[Dataset entries]
»»
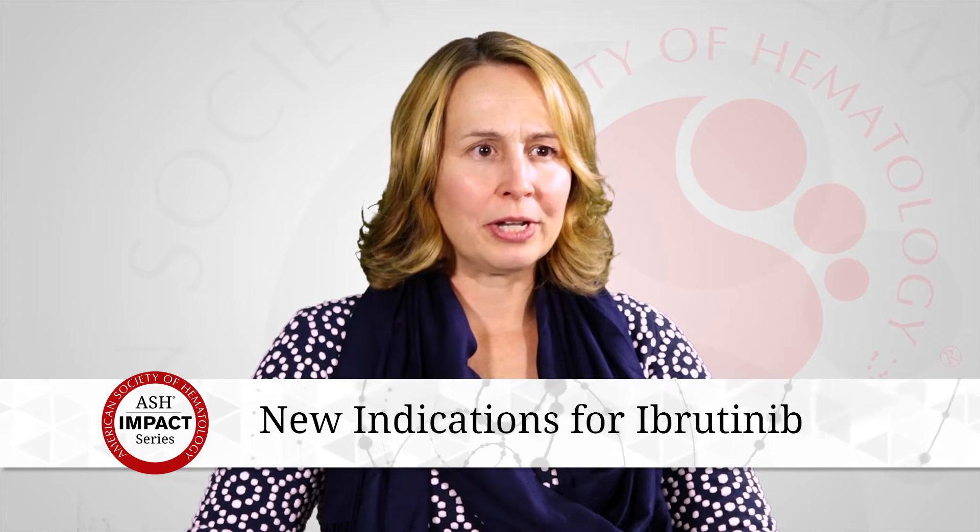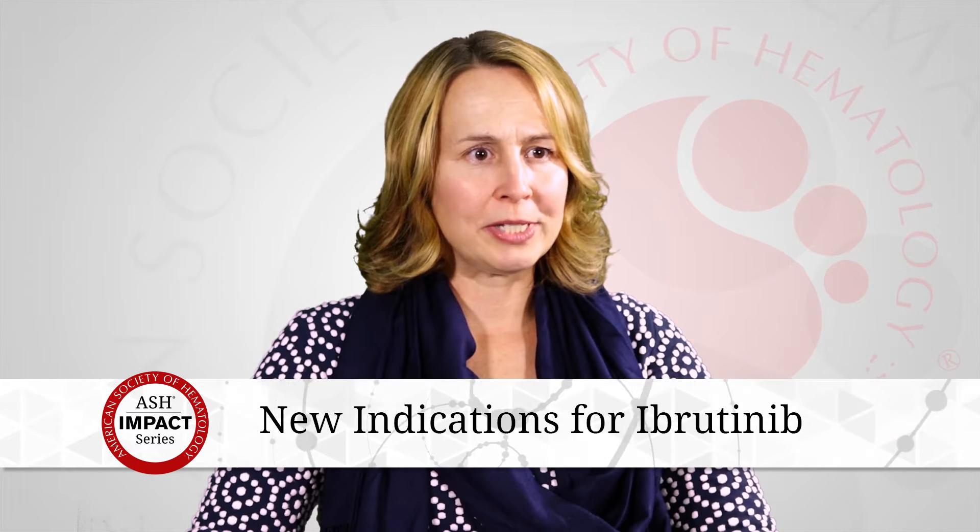More recently there's been some data looking at this in other lymphomas. There is a subtype called large B-cell lymphoma, and a group of those patients with the activated B-cell type also respond. That data is very interesting because that group of patients tends to fail other therapies, and so that's really some of the newer developments.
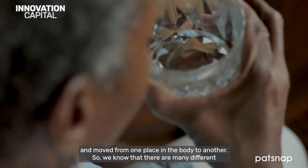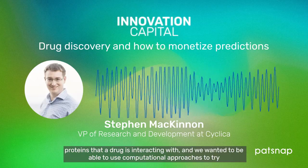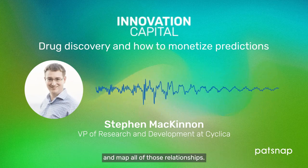We know that there are many different proteins that a drug is interacting with, and we want to use computational approaches to try and map all of those relationships.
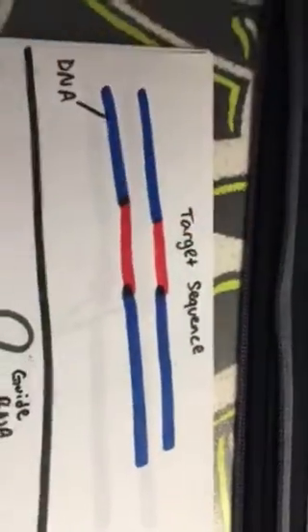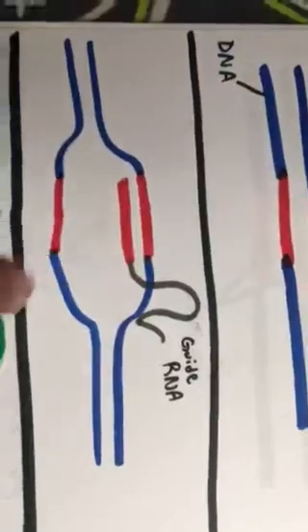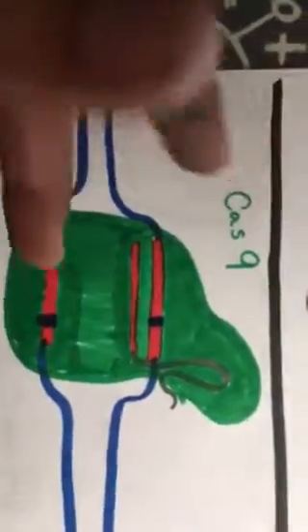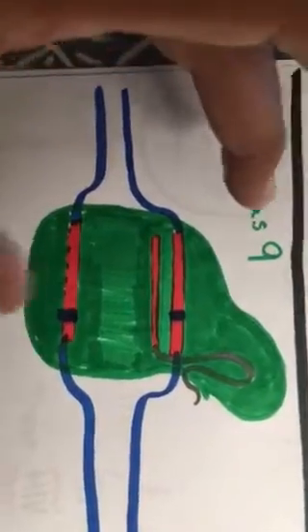First, you're gonna have your DNA strand, and these are your target sequences — these are the things that you want to change. What happens first is your guide RNA is gonna slip in and bind to that target sequence. Then the big boy comes in — the Cas9 protein, which also acts as an enzyme in this process — it's gonna bind to both strands of that DNA.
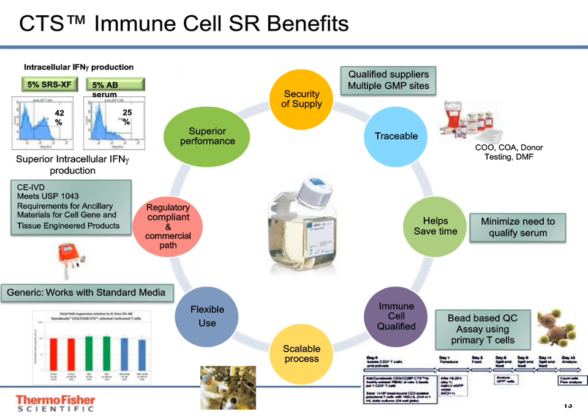There are multiple benefits associated with CTS Immune Cell Serum Replacement. It offers security of supply with qualified suppliers of raw materials and multiple GMP manufacturing sites. We offer traceability and documentation with a certificate of origin, certificate of analysis, donor testing, and a drug master file. It saves time by minimizing the need to qualify human serum. Every lot is qualified using a bead-based QC assay with primary T-cells. The product is scalable and flexible, generic enough to work with standard media systems, regulatory compliant with CE-IVD intended use and USP 1043 requirements. We've also seen superior performance in intracellular interferon-gamma production compared to human AB serum.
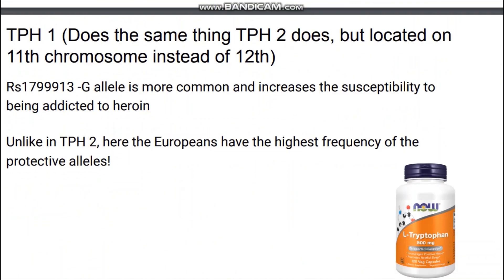Next is the TPH1 gene. The TPH1 gene does the same thing the TPH2 gene does, but it is located on chromosome 11 instead of 12. Here is one SNP that I could find that has a correlation with certain things related to mental health, for example being addicted to heroin. And unlike the TPH2 gene, here Europeans have the highest frequency of the protective or healthy alleles.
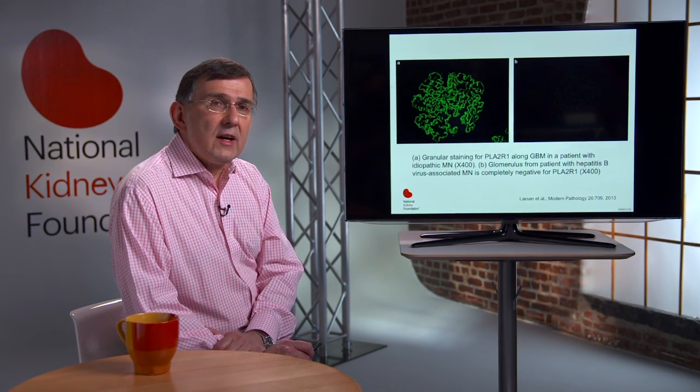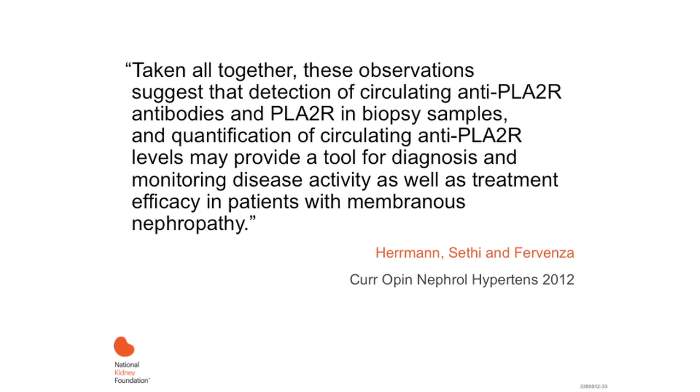Taken together, these observations suggest that detecting circulating anti-PLA2R antibodies and PLA2R in biopsy samples, as well as quantification of circulating anti-PLA2R, may provide a tool for diagnosis and monitoring disease activity, as well as testing treatment efficacy in patients with membranous nephropathy. Of course, these assumptions remain to be proven and further research is needed.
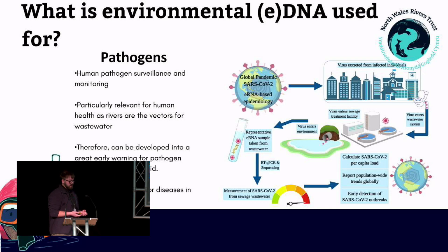Environmental DNA is also really good for pathogen surveillance, for both human and animal pathogens. It's particularly relevant to human health, as rivers are vectors for human wastewater. Therefore, it can be developed as a great early detection or early warning system for potential pathogen outbreaks. I like to use COVID-19 as an example, because this is where this field really excelled. Studies across Europe and globally were able to detect peak concentrations of COVID-19 DNA in wastewater days before clinical outbreaks were reported, consistent across many cities all over the globe.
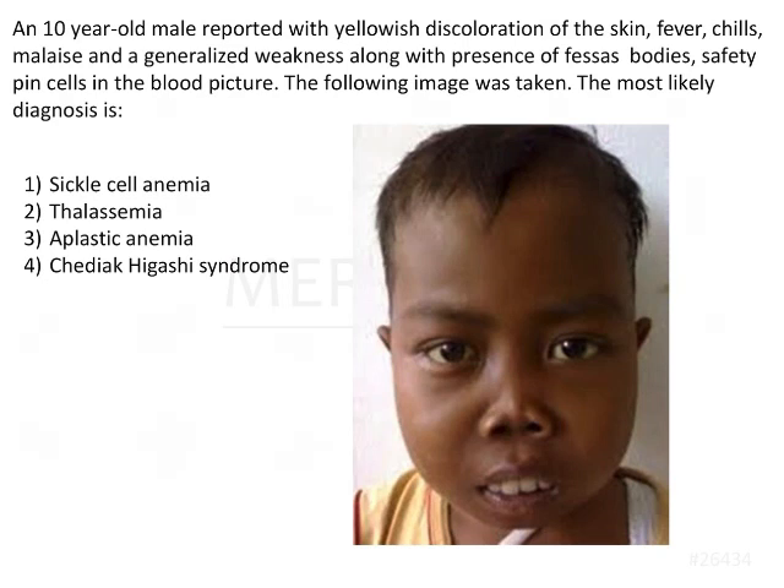A 10-year-old male reported with yellowish discoloration of the skin, fever, chills, malaise and general weakness, along with the presence of PESA's bodies and safety pin cells in the blood picture. The following image was taken. The most likely diagnosis is?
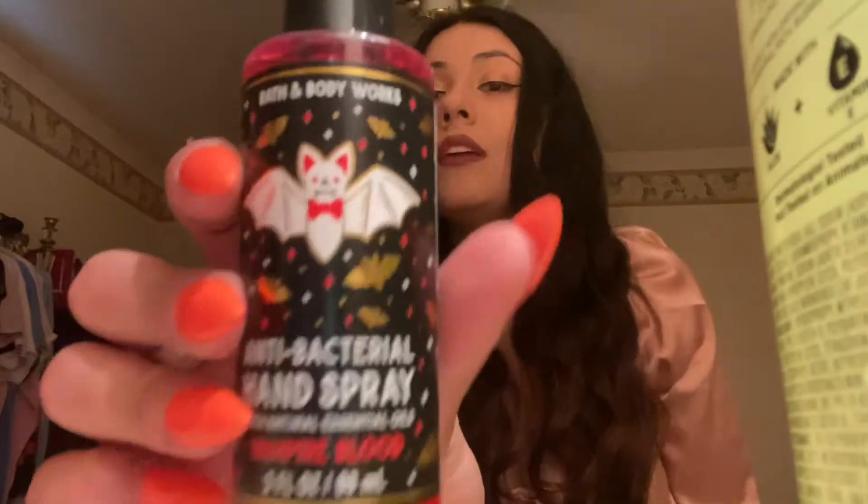I got a Halloween Antibacterial Hand Spray in Vampire Blood. This one I feel like is my favorite scent for Halloween and even Girlfriend — that one is my favorite.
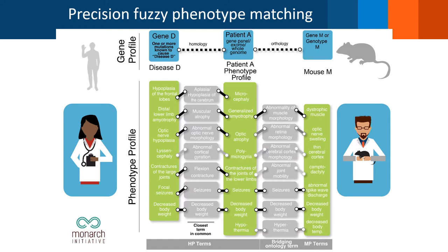So if we have a patient with a given profile and a variant in gene D, we can automatically detect that it is phenotypically similar to a disease known to be associated with that gene, as well as a mouse model involving the orthologous gene.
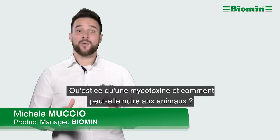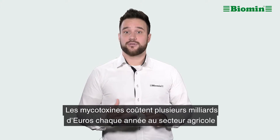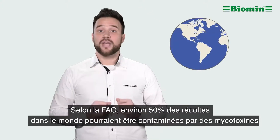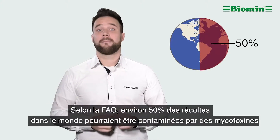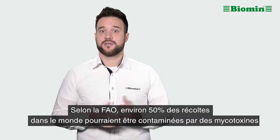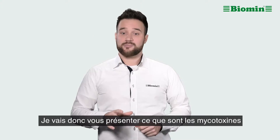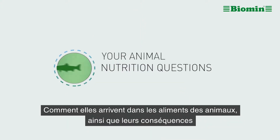What is a mycotoxin and how can it harm my animals? Mycotoxins cost the agriculture sector billions of dollars in economic losses each year. According to the FAO, around 50 percent of the world's crop harvest might be contaminated with mycotoxins, which are known to reduce feed quality and impair animal health and performance. I'm going to explain what mycotoxins are and how they get into animal feed and the potential consequences for farm animals.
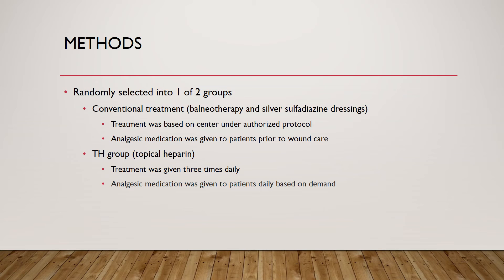The second group was the topical heparin (TH) group, in which topical heparin was applied three times daily. Heparin is a blood thinner that prevents blood clots. The theory is that if blood can't clot, more blood will reach the burnt tissue to increase healing. The wound wasn't covered until a crust formed, and patients didn't receive balneotherapy, though wound cleaning was used to prevent infection.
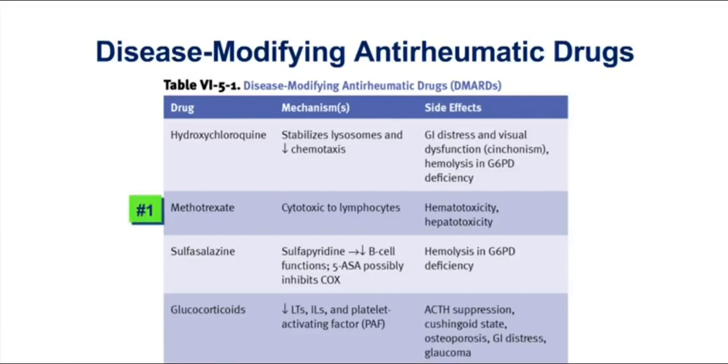Methotrexate has been our most popular DMARD for rheumatoid patients. The drug is cytotoxic to lymphocytes, and while that's beneficial, it can certainly lead to side effects that include bone marrow suppression. However, the bone marrow suppressive effects of methotrexate are actually more likely to occur when you use this drug as a cancer chemotherapy agent, where the doses are even higher. In rheumatoid, where you're taking this drug chronically, there's actually a risk of hepatotoxicity with methotrexate. So the side effect probably depends on the context in which you're using the drug.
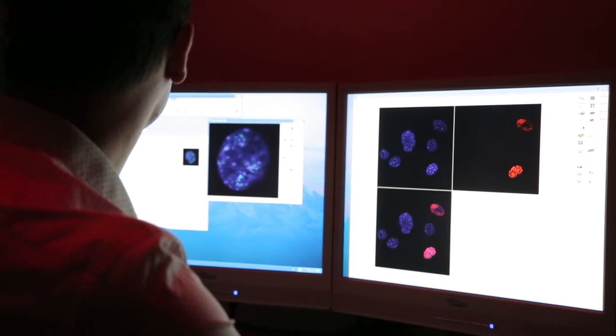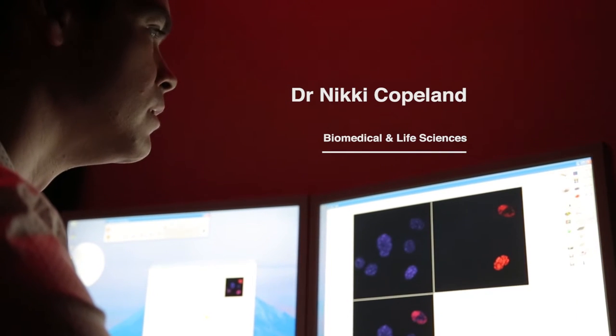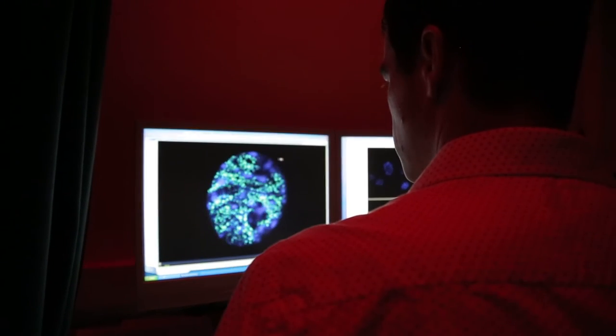My name is Dr. Nicky Copeland. I'm the Northwest Cancer Research Fellow for Lancaster University. The aim of my research is to understand how cells control their division. One of the hallmarks of cancer is uncontrolled cellular proliferation, and this is caused by mutations which tend to lead to changes in certain proteins which control the copying of our DNA.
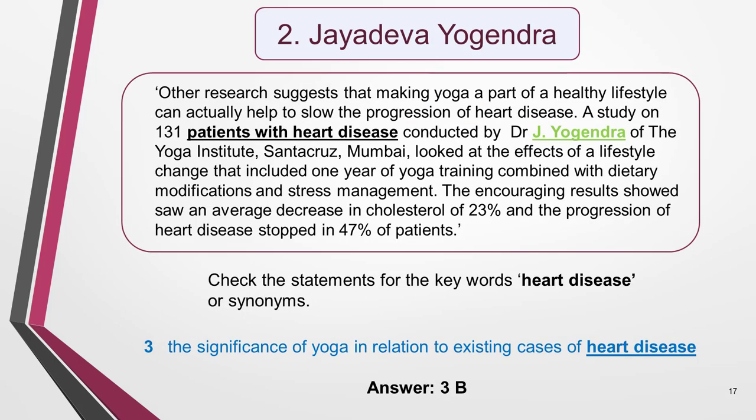The next name on the list is Jayadeva Yogendra. It's in the last paragraph and appears as Jay Yogendra. Reading around the name, I note that this researcher studied patients with heart disease. So I start with these keywords and check the statements for them. I find them in statement 3: 'The significance of yoga in relation to existing cases of heart disease.' I read the statement carefully, then go back to the text to confirm all the information matches. I also do a quick scan around the other names to check heart disease doesn't appear again. It doesn't, so the answer is 3B.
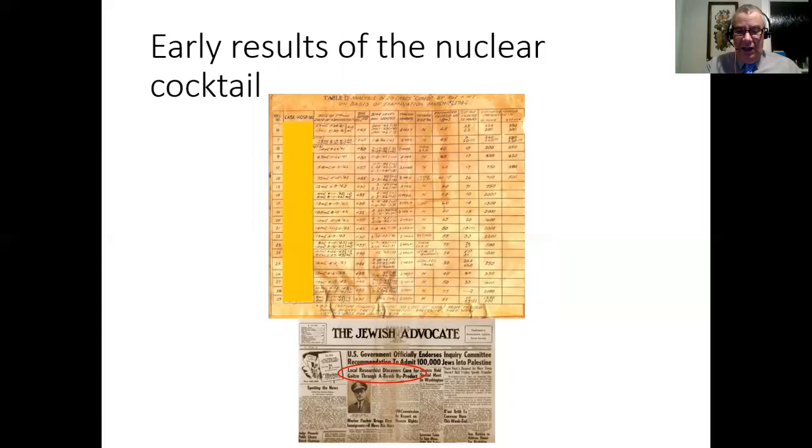Here is his notebook - a copy of his notebook of 20 cases of patients who had hyperthyroidism that were cured by the use of radioiodine. You can see the data is from March 1946. And then there's the newspaper article. In those days everything was to do with atomic bombs. The headline says 'local resident discovers cure for goiter through a bomb product' - like he sort of dug it up in his garden. But I suppose that's the way newspapers work.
««
● Task goal: Provide an exact copy of the records, excluding every picture.

● Your response:
More recently there's been some data looking at this in other lymphomas. There is a subtype called large B-cell lymphoma, and a group of those patients with the activated B-cell type also respond. That data is very interesting because that group of patients tends to fail other therapies, and so that's really some of the newer developments.
We know that there are many different proteins that a drug is interacting with, and we want to use computational approaches to try and map all of those relationships.
First, you're gonna have your DNA strand, and these are your target sequences — these are the things that you want to change. What happens first is your guide RNA is gonna slip in and bind to that target sequence. Then the big boy comes in — the Cas9 protein, which also acts as an enzyme in this process — it's gonna bind to both strands of that DNA.
There are multiple benefits associated with CTS Immune Cell Serum Replacement. It offers security of supply with qualified suppliers of raw materials and multiple GMP manufacturing sites. We offer traceability and documentation with a certificate of origin, certificate of analysis, donor testing, and a drug master file. It saves time by minimizing the need to qualify human serum. Every lot is qualified using a bead-based QC assay with primary T-cells. The product is scalable and flexible, generic enough to work with standard media systems, regulatory compliant with CE-IVD intended use and USP 1043 requirements. We've also seen superior performance in intracellular interferon-gamma production compared to human AB serum.
Next is the TPH1 gene. The TPH1 gene does the same thing the TPH2 gene does, but it is located on chromosome 11 instead of 12. Here is one SNP that I could find that has a correlation with certain things related to mental health, for example being addicted to heroin. And unlike the TPH2 gene, here Europeans have the highest frequency of the protective or healthy alleles.
Taken together, these observations suggest that detecting circulating anti-PLA2R antibodies and PLA2R in biopsy samples, as well as quantification of circulating anti-PLA2R, may provide a tool for diagnosis and monitoring disease activity, as well as testing treatment efficacy in patients with membranous nephropathy. Of course, these assumptions remain to be proven and further research is needed.
Environmental DNA is also really good for pathogen surveillance, for both human and animal pathogens. It's particularly relevant to human health, as rivers are vectors for human wastewater. Therefore, it can be developed as a great early detection or early warning system for potential pathogen outbreaks. I like to use COVID-19 as an example, because this is where this field really excelled. Studies across Europe and globally were able to detect peak concentrations of COVID-19 DNA in wastewater days before clinical outbreaks were reported, consistent across many cities all over the globe.
A 10-year-old male reported with yellowish discoloration of the skin, fever, chills, malaise and general weakness, along with the presence of PESA's bodies and safety pin cells in the blood picture. The following image was taken. The most likely diagnosis is?
I got a Halloween Antibacterial Hand Spray in Vampire Blood. This one I feel like is my favorite scent for Halloween and even Girlfriend — that one is my favorite.
So if we have a patient with a given profile and a variant in gene D, we can automatically detect that it is phenotypically similar to a disease known to be associated with that gene, as well as a mouse model involving the orthologous gene.
What is a mycotoxin and how can it harm my animals? Mycotoxins cost the agriculture sector billions of dollars in economic losses each year. According to the FAO, around 50 percent of the world's crop harvest might be contaminated with mycotoxins, which are known to reduce feed quality and impair animal health and performance. I'm going to explain what mycotoxins are and how they get into animal feed and the potential consequences for farm animals.
The second group was the topical heparin (TH) group, in which topical heparin was applied three times daily. Heparin is a blood thinner that prevents blood clots. The theory is that if blood can't clot, more blood will reach the burnt tissue to increase healing. The wound wasn't covered until a crust formed, and patients didn't receive balneotherapy, though wound cleaning was used to prevent infection.
Methotrexate has been our most popular DMARD for rheumatoid patients. The drug is cytotoxic to lymphocytes, and while that's beneficial, it can certainly lead to side effects that include bone marrow suppression. However, the bone marrow suppressive effects of methotrexate are actually more likely to occur when you use this drug as a cancer chemotherapy agent, where the doses are even higher. In rheumatoid, where you're taking this drug chronically, there's actually a risk of hepatotoxicity with methotrexate. So the side effect probably depends on the context in which you're using the drug.
My name is Dr. Nicky Copeland. I'm the Northwest Cancer Research Fellow for Lancaster University. The aim of my research is to understand how cells control their division. One of the hallmarks of cancer is uncontrolled cellular proliferation, and this is caused by mutations which tend to lead to changes in certain proteins which control the copying of our DNA.
The next name on the list is Jayadeva Yogendra. It's in the last paragraph and appears as Jay Yogendra. Reading around the name, I note that this researcher studied patients with heart disease. So I start with these keywords and check the statements for them. I find them in statement 3: 'The significance of yoga in relation to existing cases of heart disease.' I read the statement carefully, then go back to the text to confirm all the information matches. I also do a quick scan around the other names to check heart disease doesn't appear again. It doesn't, so the answer is 3B.
Here is his notebook - a copy of his notebook of 20 cases of patients who had hyperthyroidism that were cured by the use of radioiodine. You can see the data is from March 1946. And then there's the newspaper article. In those days everything was to do with atomic bombs. The headline says 'local resident discovers cure for goiter through a bomb product' - like he sort of dug it up in his garden. But I suppose that's the way newspapers work.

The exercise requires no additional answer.